Of course, there’ll always be an audience for bland nonsense like this, and something else just as bad will leap up soon to take its place, I’m sure. Cuz here’s the truth. Due to:
a) an underfunded school system that emphasizes individuality and being the best you can be, but without specifying what at; and which lets pupils emerge at the end claiming to have an education, even though they can’t spell or talk coherently or add up numbers or point to Europe on a map; and
b) a society morally and intellectually on the ropes, where too many kids believe that, if the whole studying thing doesn’t work out, they can always become rappers or TV stars…
a large part of today’s youth audience remains hardcore dim. They’ll happily sit for hours in front of the television watching tanned morons stare blankly at each other as they struggle to form complete sentences, then they’ll go out and, like the robots they are, mechanically buy without question all the products and silly fads and services that greedy networks promote in the commercial breaks, knowing their audience is not smart enough to figure out that they’re being manipulated.
Actually, I had the privilege of eavesdropping on a group of teens in Starbucks yesterday. Drawing inspiration from The Hills, no doubt, their conversation was a series of blank thoughts and long gaps connected with ten million combinations of ‘totally’ and ‘like’ and “so I go, ‘you’re kidding me’ and he goes ‘no’ and I go ‘what the hell? I mean, dude, come on, like, chill, alright?’ Y’know what I’m saying?”
And the other kids nodded. They knew exactly what he was saying. Because he was saying nothing. Which was about all they could handle.
Indeed, the only reason I feel comfortable telling you all of this is because I happen to know that none of the people we’re talking about has the mental capacity to read this far down the page. I guarantee they checked out after the headline.
“Like, wow. Seven of those word-things at one time is, like, totally enough, thank you.”
The reason I’m so cheered by the end of The Hills, though, is because it gives me hope. The world is in flux right now. Everything’s changing. Our very expectations about life and how to earn a living and what a secure financial future might mean are going through a tumble-dryer of transformation. This, believe it or not, is good news.
Now that the economy’s down the toilet, I suspect we’re reaching the end of a cultural era too.
With any luck, it signals the demise of witless “reality” shows shot in Hollywood mansions, promoting the Beverly Hills lifestyle of celebrity and fame and glamour as aspirational, when in truth it’s just an invention of TV and the movies. If you don’t believe me, go there. In the real Beverly Hills right now, people are hurting. The recession is biting hard. Businesses are struggling. Restaurants are failing. Life savings have been lost. Glamour and fame and celebrity are taking second place in a lot of cases to strategies for everyday survival and not losing their house and how to pay for college fees.

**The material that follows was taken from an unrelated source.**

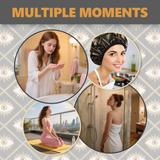 Years Calm Evil Eye Shower Caps for Women Reusable Waterproof, Pattern and Solid Color Dual-Layer Design, Hair Cap for Shower with Elastic Band, Fits Braids, Dreadlocks & Long Hair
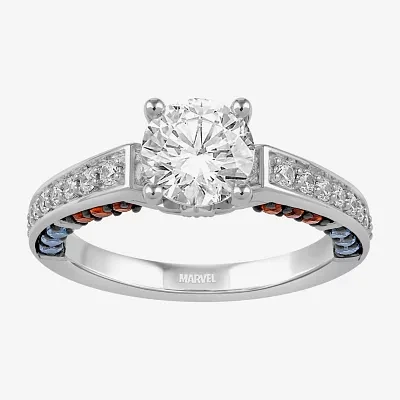Infinity Star Lab Grown Diamonds Womens 1 3/4 CT. White Diamond 14K Gold Captain America Side Stone Engagement Ring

Now, that’s the Hills they should be making reality shows about, because in the years ahead, it’s the only one that’s going to make any sense. A new era is coming, one in which the dim children of America are going to wish they’d spent less time watching frothy, mind-numbing confectionery about frothy, mind-already-numb people on TV, and actually studied and learned to speak and done something useful with their young lives when they had the chance. Karma has a reputation to maintain. She’s known to be a diva bitch. And the youth of this country is about to find out how much of a diva bitch that is.
Finally, in the spirit of Friday’s blog, which generated massive amounts of traffic and even made it on to the website of Time magazine, may I just say Rachel Bilson, Hugh Laurie, Jim Cramer, Homer Simpson, and Jon Stewart?
The Hills gets no magic carpets out of five.
TV Swami – he say NO. And good riddance.